What needs to be done » The listing below begins with the first line you should copy; stop after the line containing "Laser catheter inserted", and drop every picture.

Provided data »
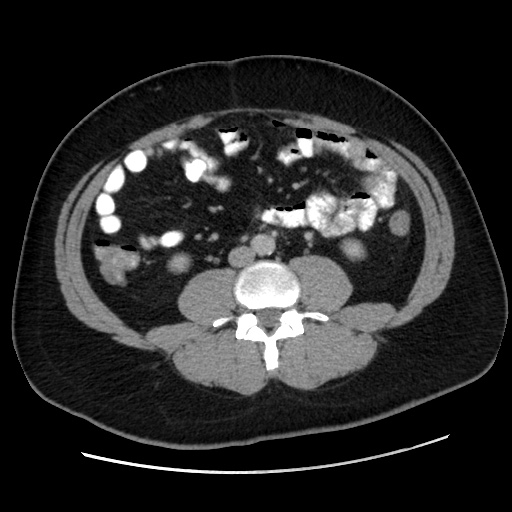 Acute diverticulitis with localized perforation (Radiopaedia 41296-44113 Axial C+ portal venous phase 51).jpg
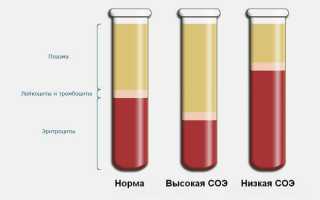 СОЭ у ребенка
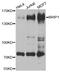 BRCA1 Interacting Protein C-Terminal Helicase 1 antibody, A01995-1, Boster Biological Technology, Western Blot image 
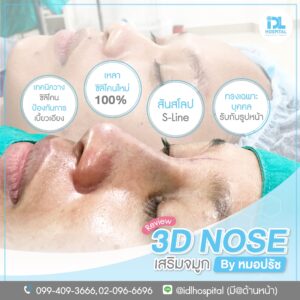 3D nose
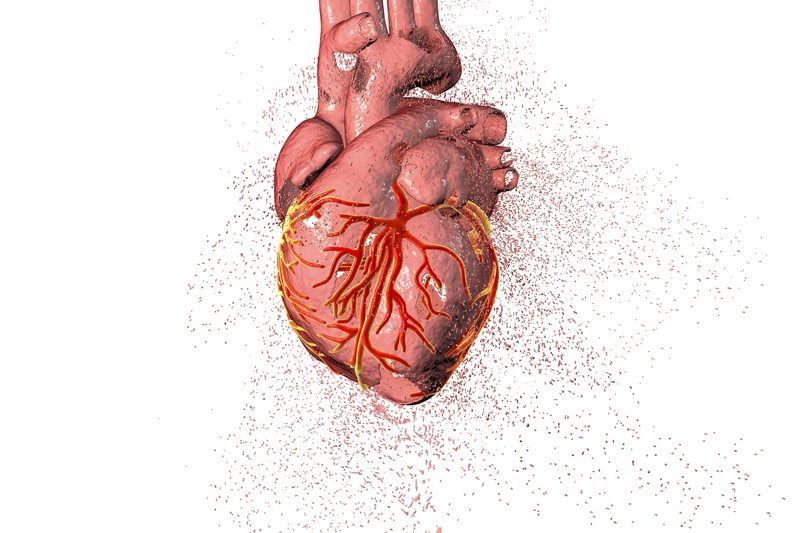 What is Heart Disease and is it Preventable?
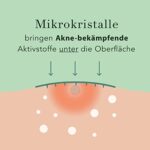 Rael Mikrokristall Akne Healing Patches - Pickel Akne Spot Tea Tree Treatment (1 Packung,9 Pflaster) – Bild 5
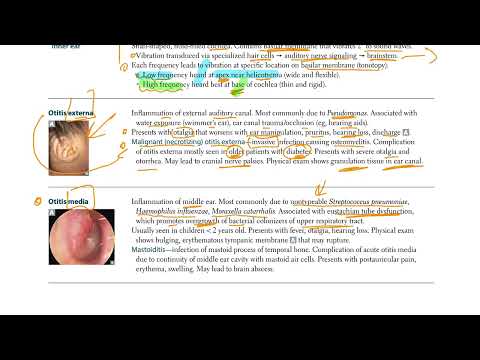 USMLE - ENT - Otology  (USMLE Step 1)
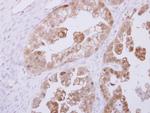 RBKS Polyclonal Antibody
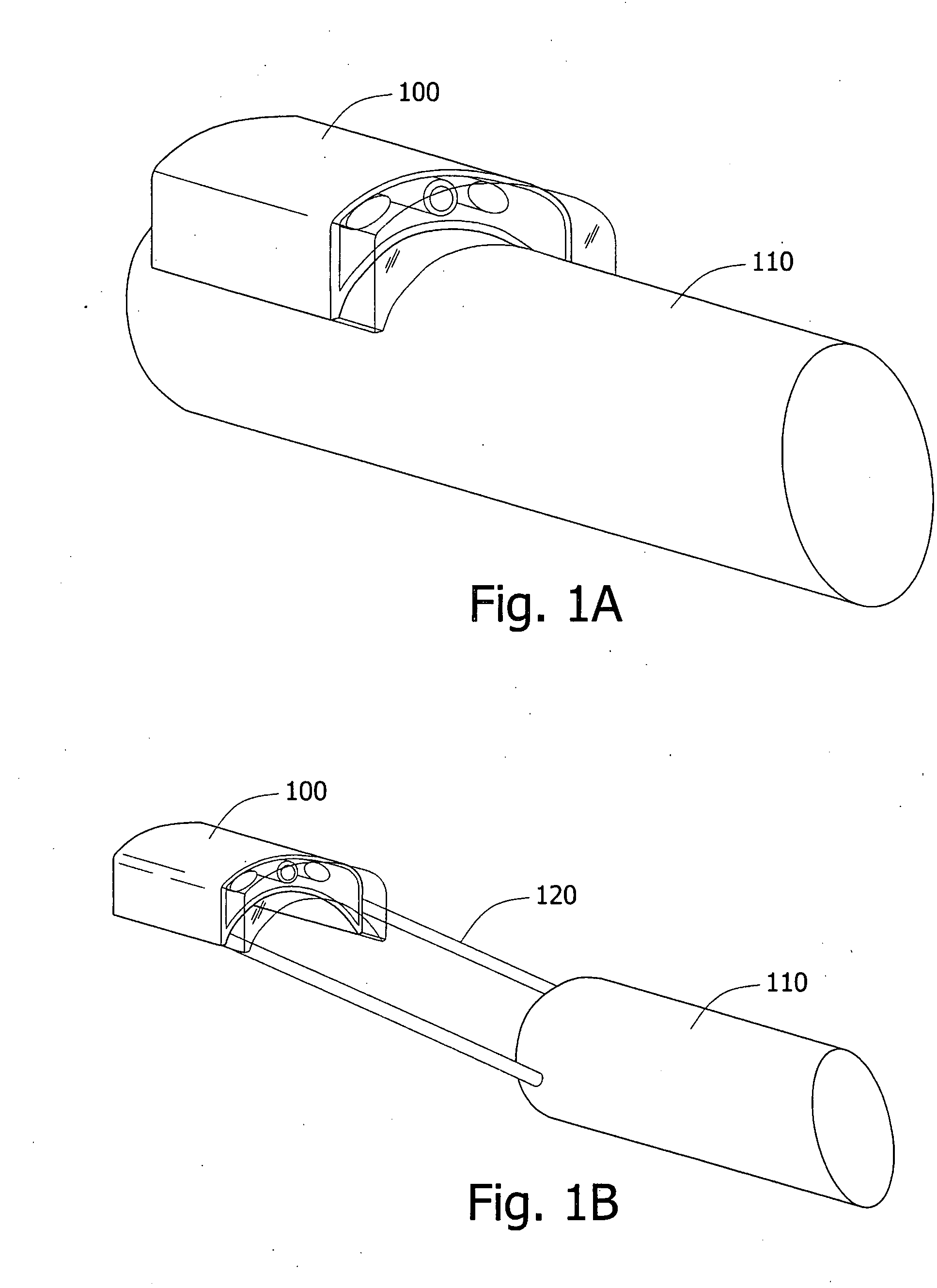 Device and method for viewing a body lumen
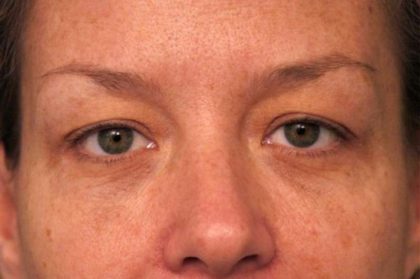 Eyelid Surgery Before & After Patient #1514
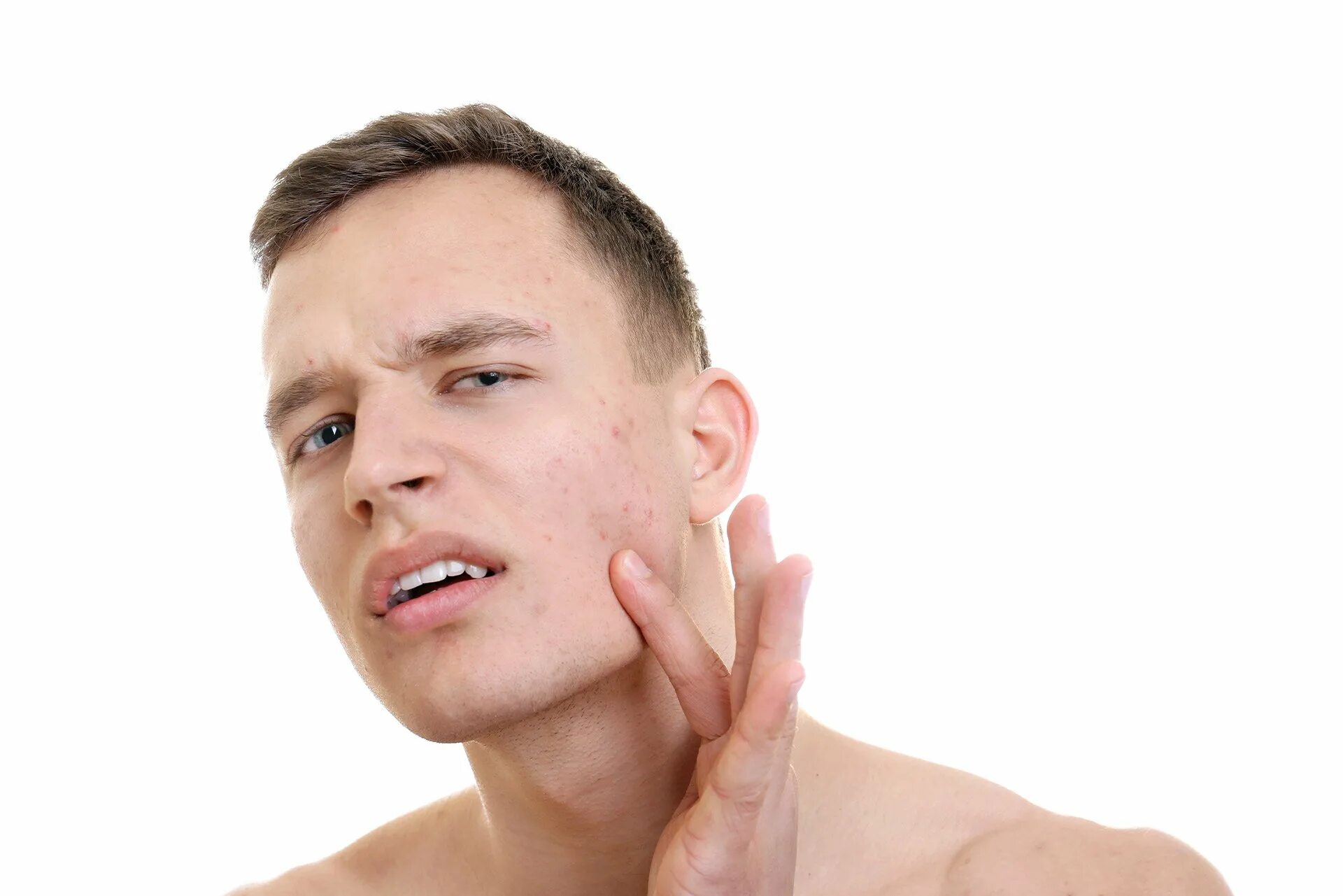 Face this problem. Face this problem. Face this problem. Девушка с проблемной кожей. Face this problem.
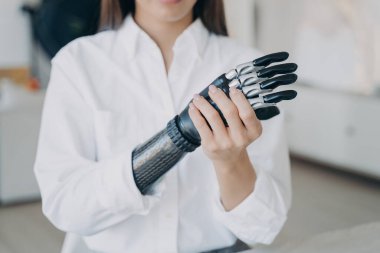 Engelli genç kadın, biyonik kolu eliyle birleştiriyor. Siber sensör elinin işlemci çipi ve düğmeleri var. Avrupalı kız, çağdaş elektronik el protezini evde ayarlıyor.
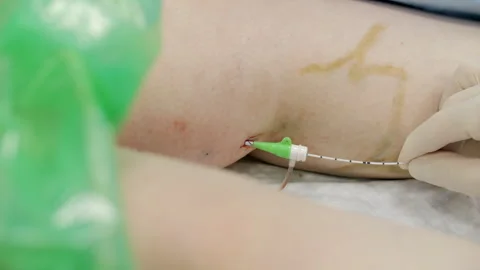 Laser catheter inserted for vein removal procedure Stock Footage 320739987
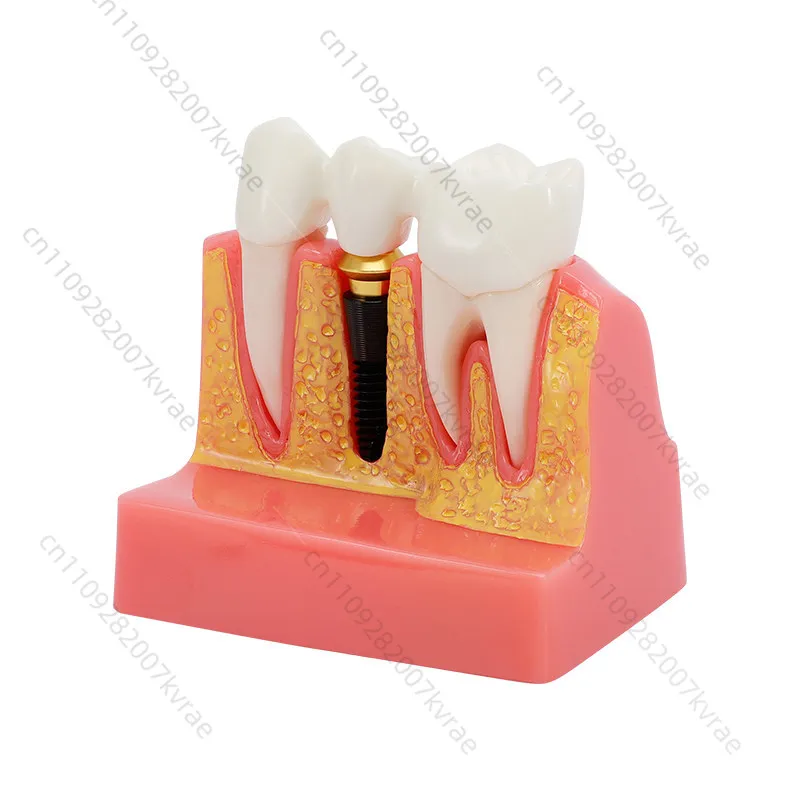 

teaching Implant teaching aids Removable full mouth teeth mold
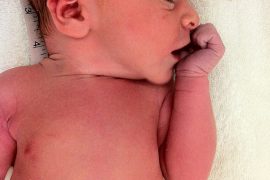 My birth story pt 1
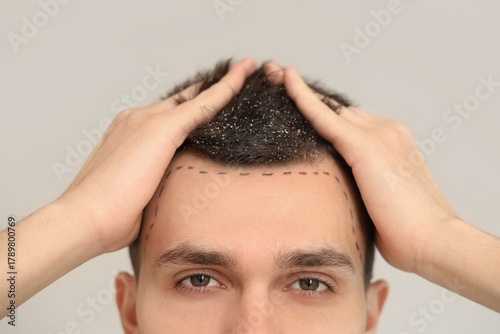 Young man with hair loss pr...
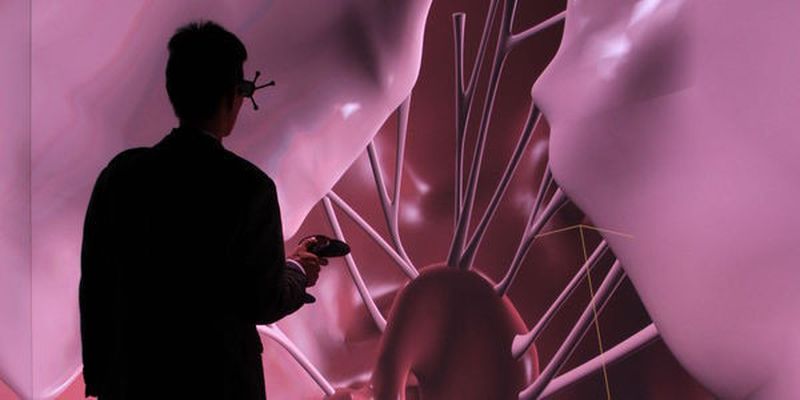 Das Living Heart-Modell wurde auf der 3D-Experience-Plattform von Dassault Systèmes entwickelt. Es umfasst wohldefinierte anatomische Details des Herzens sowie des proximalen Gefäßsystems, wie beispielsweise Aortenbogen, Lungenarterien und obere Hohlvene.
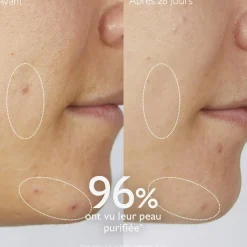 Gelée Nettoyante à l'Acide Salicylique Purifiante - 385mL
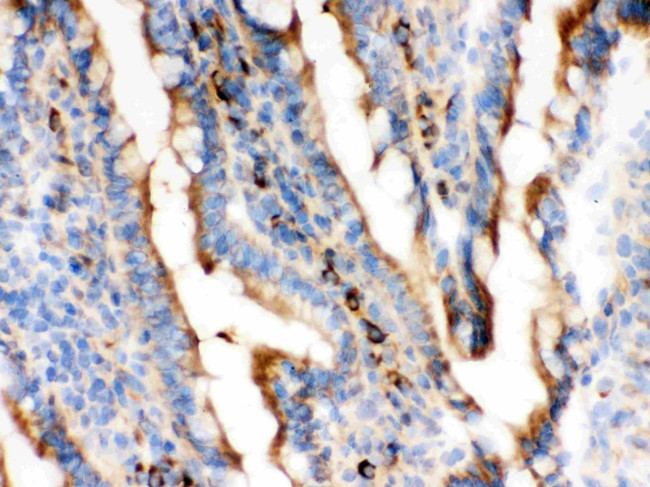 Actin Antibody in Immunohistochemistry (Frozen) (IHC (F))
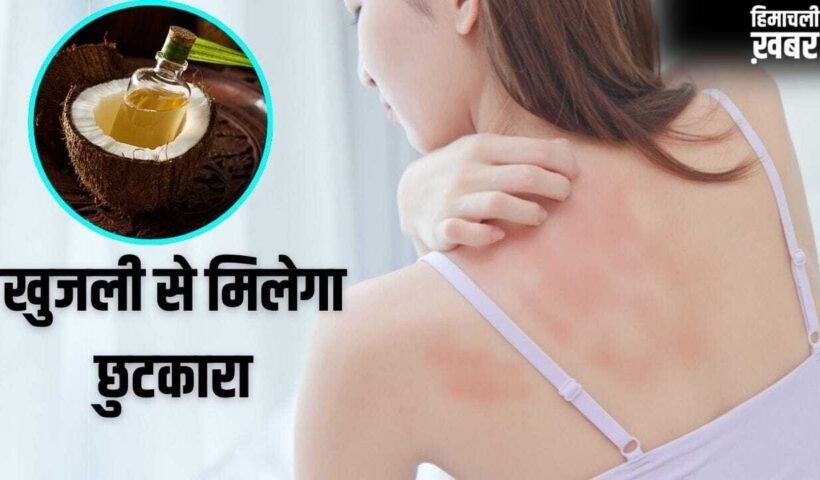 Summer Skin Care Remedy: गर्मी से हो रही खुजली-महीन दानों का होगा सफाया, नारियल तेल में मिलाकर लगा लें ये 1 चीज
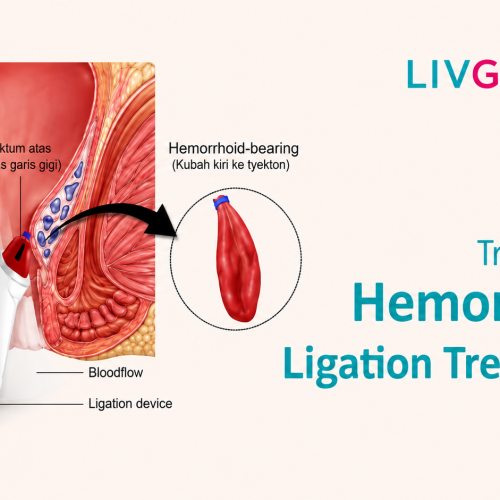 Best Gastroenterology Hospital in Kolkata for Hemorrhoid Ligation Treatment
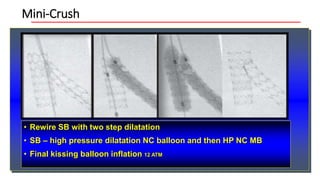 Mini-Crush
• Rewire SB with two step dilatation
• SB – high pressure dilatation NC balloon and then HP NC MB
• Final kissing balloon inflation 12 ATM
Ormiston J, JACC Intervention 2008
 
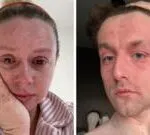 “ฉันเป็นโรคผื่นภูมิแพ้ผิวหนังมาตลอดชีวิต-แต่ครั้งนี้มันต่างออกไป”-รู้จัก-tsw-อาการถอนยาทาสเ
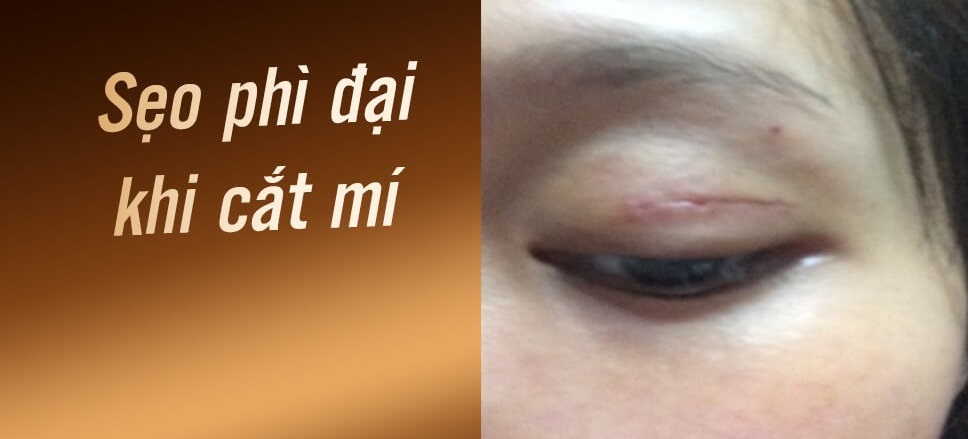 Kh&acirc;u thẩm mỹ c&oacute; để lại sẹo kh&ocirc;ng? L&agrave;m thế n&agrave;o điều trị sẹo hiệu quả?- Ảnh 3.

Answer for the task »
 Acute diverticulitis with localized perforation (Radiopaedia 41296-44113 Axial C+ portal venous phase 51).jpg
 СОЭ у ребенка
 BRCA1 Interacting Protein C-Terminal Helicase 1 antibody, A01995-1, Boster Biological Technology, Western Blot image 
 3D nose
 What is Heart Disease and is it Preventable?
 Rael Mikrokristall Akne Healing Patches - Pickel Akne Spot Tea Tree Treatment (1 Packung,9 Pflaster) – Bild 5
 USMLE - ENT - Otology  (USMLE Step 1)
 RBKS Polyclonal Antibody
 Device and method for viewing a body lumen
 Eyelid Surgery Before & After Patient #1514
 Face this problem. Face this problem. Face this problem. Девушка с проблемной кожей. Face this problem.
 Engelli genç kadın, biyonik kolu eliyle birleştiriyor. Siber sensör elinin işlemci çipi ve düğmeleri var. Avrupalı kız, çağdaş elektronik el protezini evde ayarlıyor.
 Laser catheter inserted for vein removal procedure Stock Footage 320739987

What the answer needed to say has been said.